Search code examples
algorithmlanguage-agnosticstring-comparisonstring-matchinglevenshtein-distance

Getting the closest string match (with possibly very different string sizes)


I am looking for a way to find the closest string match between two strings that could eventually have a very different size. Let's say I have, on the one hand, a list of possible locations like:

Yosemite National Park

Yosemite Valley

Yosemite National Park Lodge

Yosemite National Park Visitor Center

San Francisco

Golden Gate Park San Francisco

Paris

New York

Manhattan New York

Hong Kong

On the other hand, I have multiple sentences like:

  1. "I proposed to my wife on the 12th of November 1984, during a crazy downpour in the middle of Yosemite in California"
  2. "I love to walk my dog in Central Park, New York"
  3. "I love Hong Kong"

Now say I would like to extract the location from these set of sentences I would I proceed to do that? I know about the Levenshtein distance algorithm but I'm not quite sure it will work efficiently here, especially because I have many more locations and many more sentences to try and match. I guess what I would love to have is a matching score of some sort for each location so that I can pick the one with the highest score, but I have no idea on how to compute this score.

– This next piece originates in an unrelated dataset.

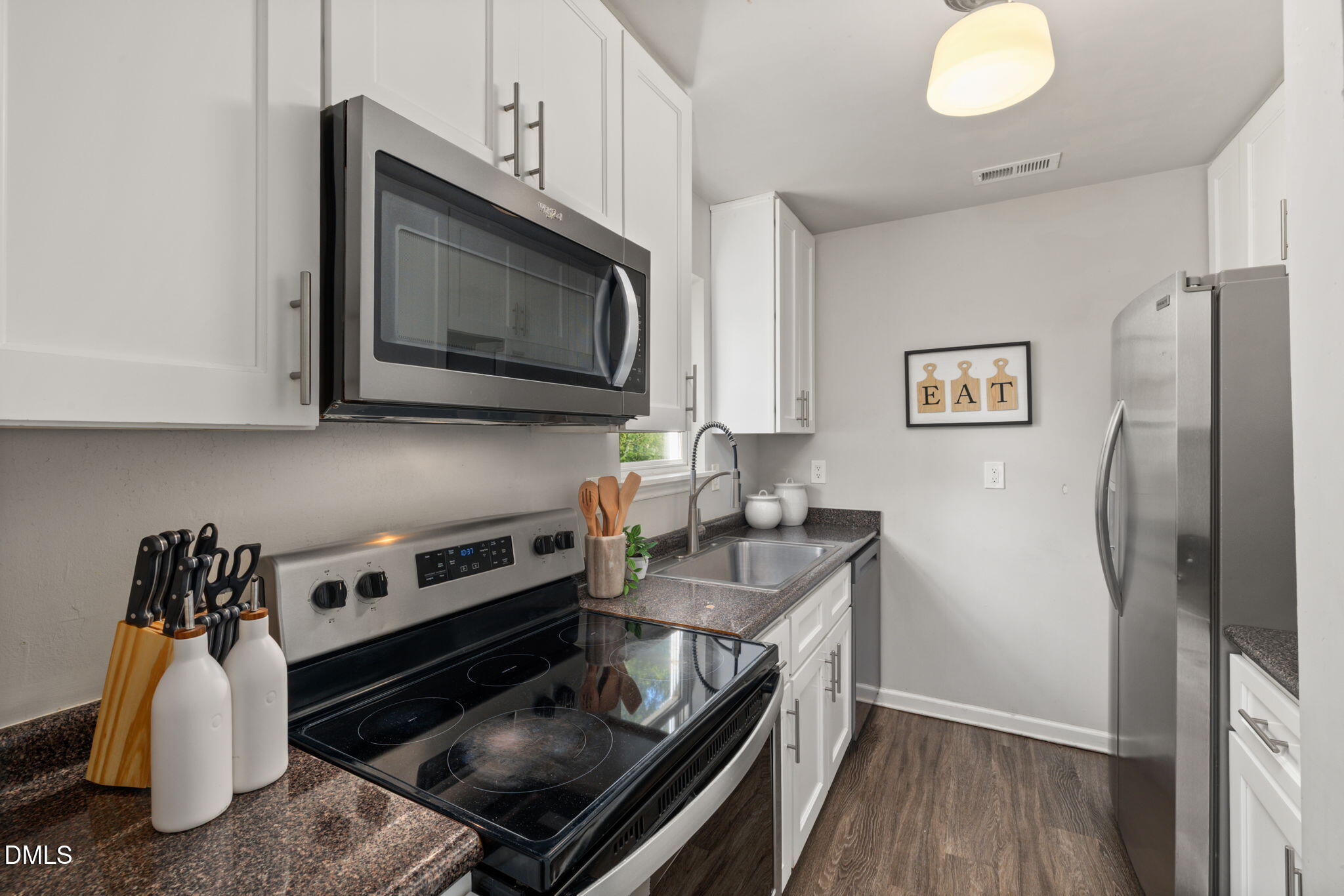 822 Gerard Street Durham, NC 27701 - Photo 13 of 35 19-web-or-mls-DX3A0227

Do you guys have any idea of how to do that? Or perhaps even an implementation or python package?

Thanks in advance


Solution

  • For jobs like this, you'd typically use a pipeline of processing something on this general order:

    1. remove "noise" words (aka "stop words") like "a", "an", "the", "is", and so on. If you look around a bit, you can find various lists of stop words to filter out.
    2. create a vector space model of each "document" in your corpus.
    3. Create a vector space model of a query.
    4. compute something like the TF-IDF or cosine distance between a query vector and each candidate document vector.
    5. Choose the highest score as representing the most likely match.

    References

    1. Onix stop word list
    2. NLTK stop word list
    3. vector space model
    4. cosine similarity
    5. cosine similarity
    6. tf-idf
    7. tf-idf vs. cosine similarity

    I should probably add that this sort of pipeline is more often used when you have a much larger number of documents, and each document individually is considerably larger as well. Since the "documents" and "queries" are represented exactly the same way, it's also useful/usable for cases where you want to categorize and group documents--that is, find how similar documents are to each other.